Saturday, September 6, 2008

the games we play

this is inspired by an article i recently read in a magazine called, "the games we play," which talks about the little games that we carry on from childhood to adulthood.

full disclosure on the games i still play:


i lip sync all the time. not just discreet mouthing of the words while i'm on my computer, either. i mean, full on hairbrush-as-a-microphone, facial contortion, i am woman hear me convincingly-mimic-a-roar splendor.

i play with my hair in the shower, using shampoo to sculpt my hair into sudsy masterpieces. my favorites include: anne as a rooster, anne as elvis, anne as a hard core punk, anne as a tsunami, and anne as alfalfa.

i choreograph dance routines in the shower and in my bedroom, and will usually act out some of the moves until i realize i have neither the skill nor the know-how to perform my routines. oh, but they're so dope!

i have conversations with myself all the time, though usually not out loud. i'll essentially run through an entire dialogue with someone in my mind -- sometimes a close friend, sometimes a casual acquaintance with whom i'd like to have such a conversation one day. the convo will usually be about politics or sex or memories or love or relationships, all those things that knead my thoughts, that i hope to one day be wise about though i'm still, clearly, a novice.

i thumb-war when there's a lull in conversation.

i used to pretend i was some sort of woodland animal before i went to bed and when i woke up: that i had to burrow deep inside the covers to sleep and protect myself from all manner of evil night time villains (panthers, ghosts, cougars, robbers, etc). i still feel this way when i wake up in the morning, except the evil villain is work.

on occasion, i still try to see if i can move things with my mind. or will somebody to do something, like call me.

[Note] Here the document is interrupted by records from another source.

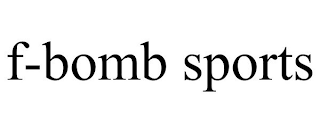 F-BOMB SPORTS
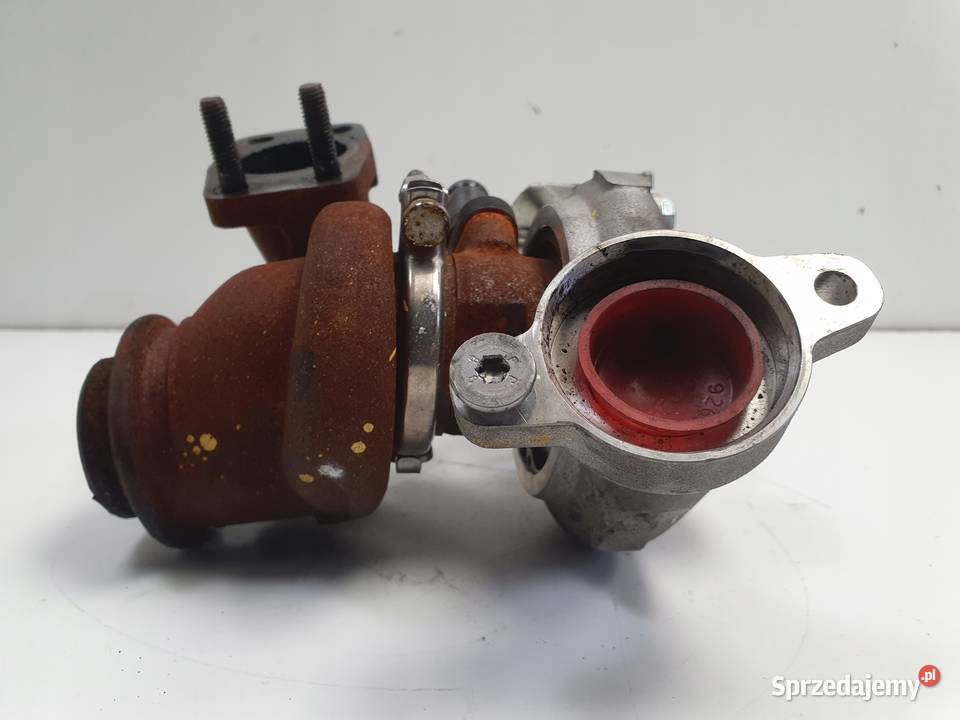 TURBOSPRĘŻARKA Citroen Berlingo II 16 HDI osobowe lubelskie Chełm sprzedam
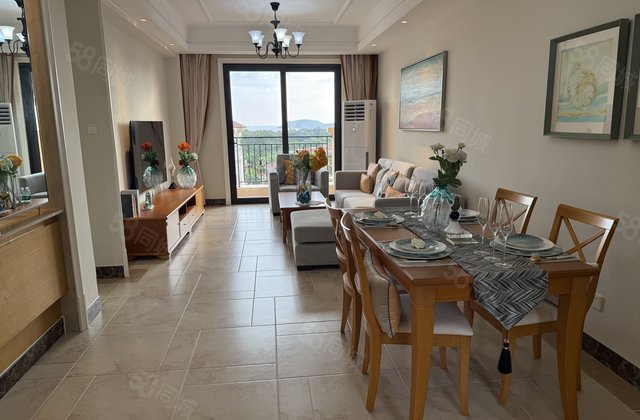 金泰南燕湾2室1厅85㎡102万二手房图片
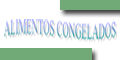 ALIMENTOS CONGELADOS ZACATECAS logo
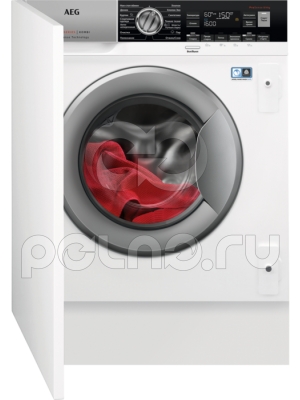   AEG L8WBE68SRI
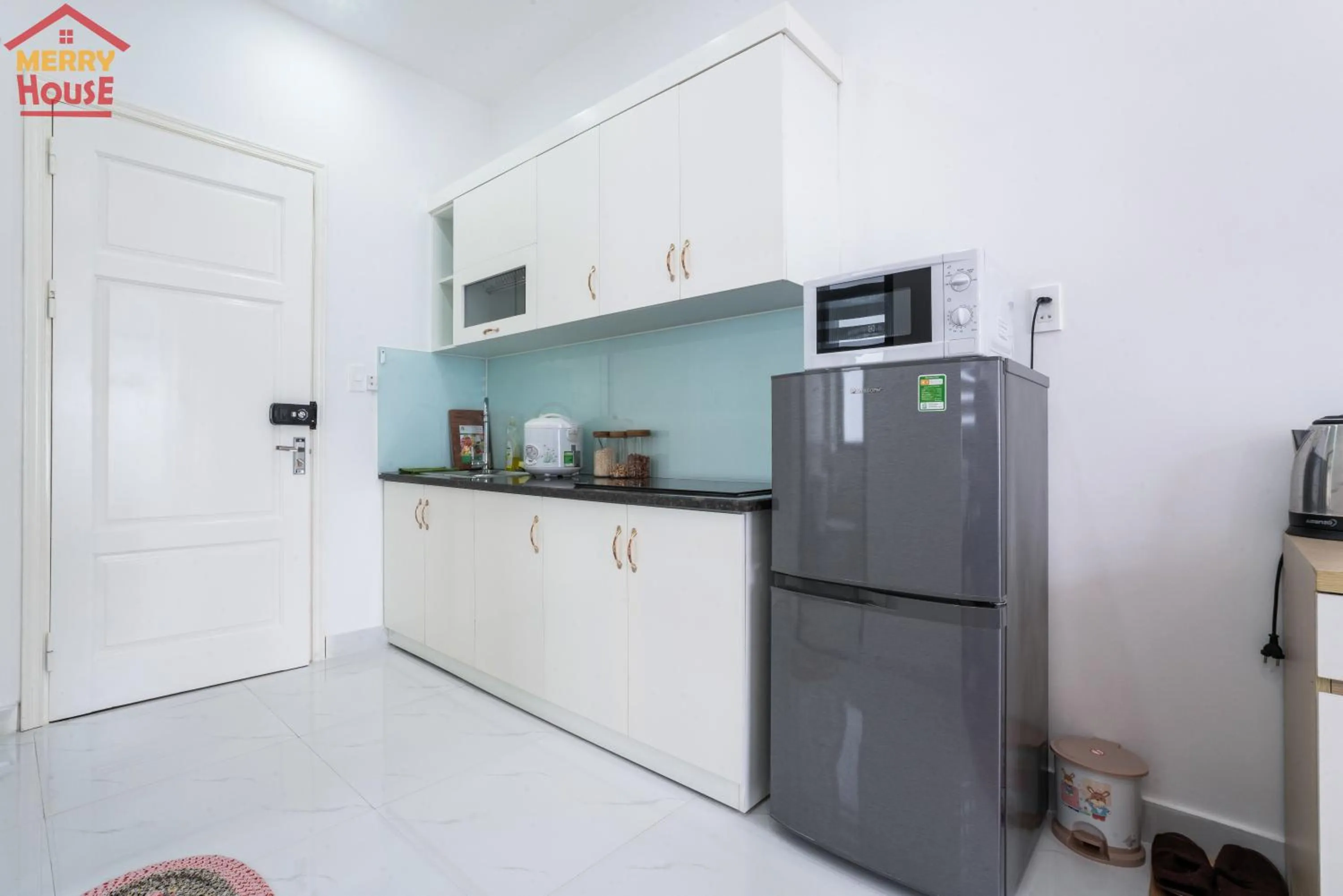 Kitchen or kitchenette in Merry House Imperia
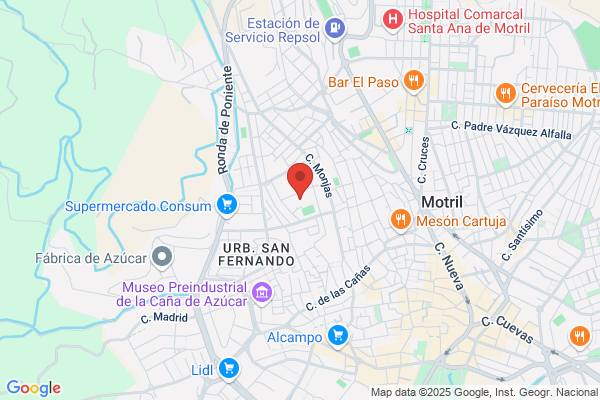 Instituto De Bachillerato Jose Martin Recuer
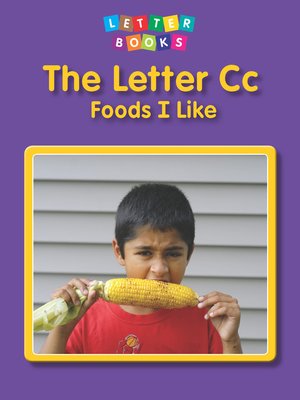 cover image of The Letter Cc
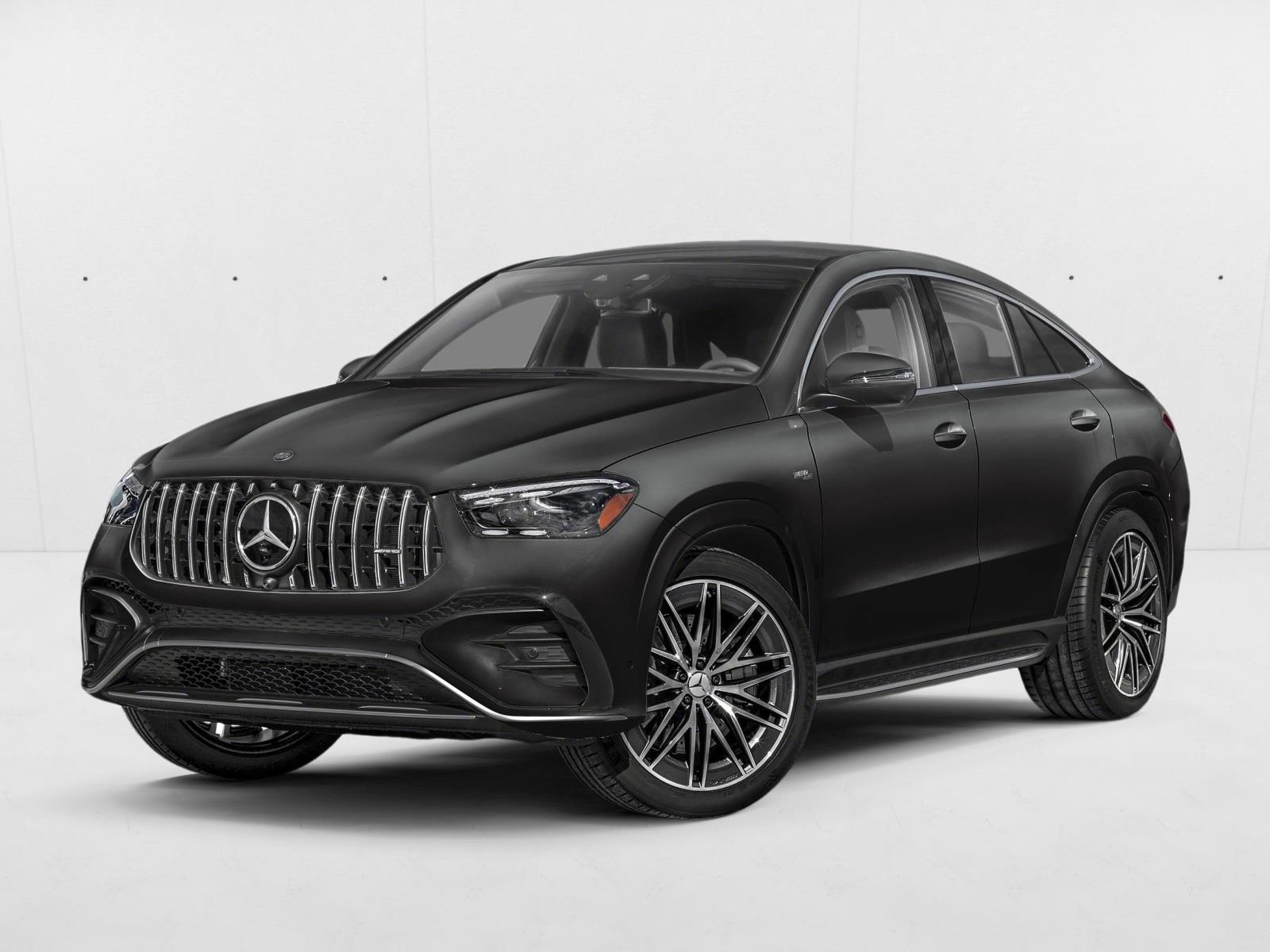 2025 Mercedes-Benz GLE Coupe GLE 53 AMG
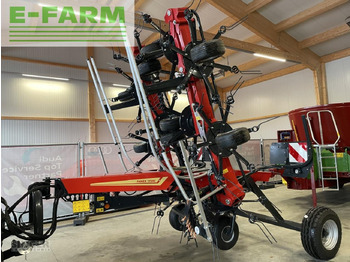 Tedder/ Rake VICON
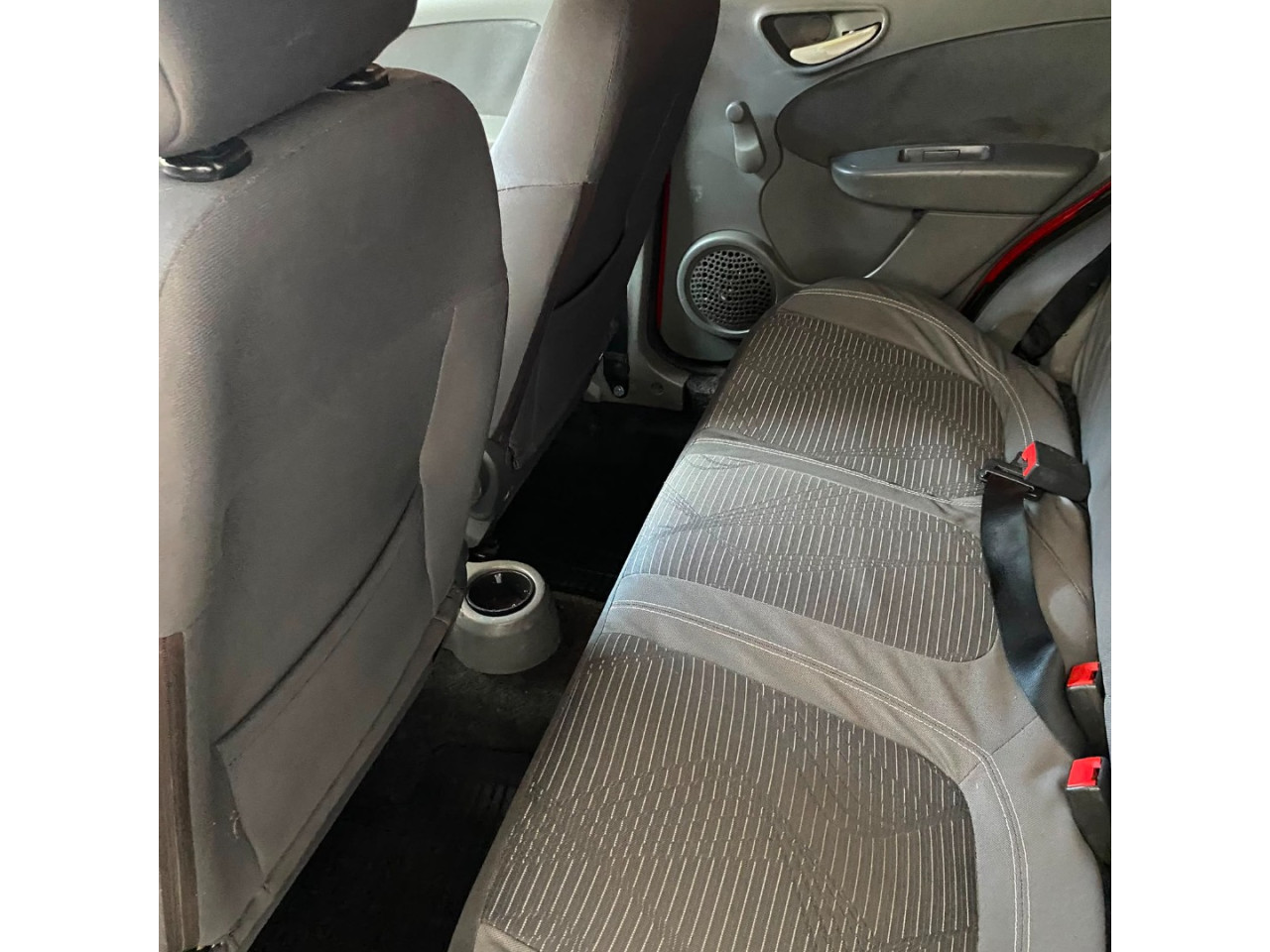 FIAT Palio 1.0 4P FLEX ATTRACTIVE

on nights when i'm home alone, i sometimes put on lipstick -- a color i haven't put on in a while, like a deep hibiscus red or my glossiest, stickiest cotton candy pink. lipstick melts off my lips like ice cream down a waffle cone, so i never really get to enjoy lipstick at work or out in public. but at home, poring over a book or a fresh piece of writing, or even just watching a movie, my lipstick becomes a naughty secret held between the walls, a pop of glamour, evidence that i'm still my favorite audience to play dress-up for.